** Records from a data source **
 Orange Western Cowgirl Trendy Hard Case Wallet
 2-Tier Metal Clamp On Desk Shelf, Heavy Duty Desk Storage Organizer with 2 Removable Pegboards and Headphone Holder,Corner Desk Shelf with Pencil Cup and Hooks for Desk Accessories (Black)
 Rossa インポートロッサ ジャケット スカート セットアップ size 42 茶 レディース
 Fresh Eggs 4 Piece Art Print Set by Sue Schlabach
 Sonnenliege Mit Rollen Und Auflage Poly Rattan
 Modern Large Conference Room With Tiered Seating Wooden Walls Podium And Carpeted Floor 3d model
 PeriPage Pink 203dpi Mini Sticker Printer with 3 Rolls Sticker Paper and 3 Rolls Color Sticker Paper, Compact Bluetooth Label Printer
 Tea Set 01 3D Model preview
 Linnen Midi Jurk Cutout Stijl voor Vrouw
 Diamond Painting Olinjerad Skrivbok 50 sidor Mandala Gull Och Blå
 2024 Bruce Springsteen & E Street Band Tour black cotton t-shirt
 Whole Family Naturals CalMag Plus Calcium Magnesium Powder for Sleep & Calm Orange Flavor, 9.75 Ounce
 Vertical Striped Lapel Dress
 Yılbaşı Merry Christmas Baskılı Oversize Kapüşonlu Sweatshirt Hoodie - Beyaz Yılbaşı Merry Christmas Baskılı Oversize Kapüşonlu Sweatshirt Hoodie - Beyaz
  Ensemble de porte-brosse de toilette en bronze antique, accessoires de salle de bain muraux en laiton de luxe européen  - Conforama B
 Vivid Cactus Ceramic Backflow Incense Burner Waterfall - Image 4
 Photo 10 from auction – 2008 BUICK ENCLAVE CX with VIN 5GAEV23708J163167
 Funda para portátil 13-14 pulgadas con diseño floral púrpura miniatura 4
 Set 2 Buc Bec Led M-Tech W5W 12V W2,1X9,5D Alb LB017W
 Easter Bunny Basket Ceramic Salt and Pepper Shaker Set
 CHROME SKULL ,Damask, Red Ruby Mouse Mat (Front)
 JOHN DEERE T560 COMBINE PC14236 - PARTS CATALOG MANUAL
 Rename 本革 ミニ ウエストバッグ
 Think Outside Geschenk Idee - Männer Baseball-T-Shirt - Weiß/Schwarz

** WORK TASK **
Set down, please, the lines from the line holding "Funda para portátil" through the final line of the data, exactly and with nothing added.

** OUTPUT OF THE TASK **
 Funda para portátil 13-14 pulgadas con diseño floral púrpura miniatura 4
 Set 2 Buc Bec Led M-Tech W5W 12V W2,1X9,5D Alb LB017W
 Easter Bunny Basket Ceramic Salt and Pepper Shaker Set
 CHROME SKULL ,Damask, Red Ruby Mouse Mat (Front)
 JOHN DEERE T560 COMBINE PC14236 - PARTS CATALOG MANUAL
 Rename 本革 ミニ ウエストバッグ
 Think Outside Geschenk Idee - Männer Baseball-T-Shirt - Weiß/Schwarz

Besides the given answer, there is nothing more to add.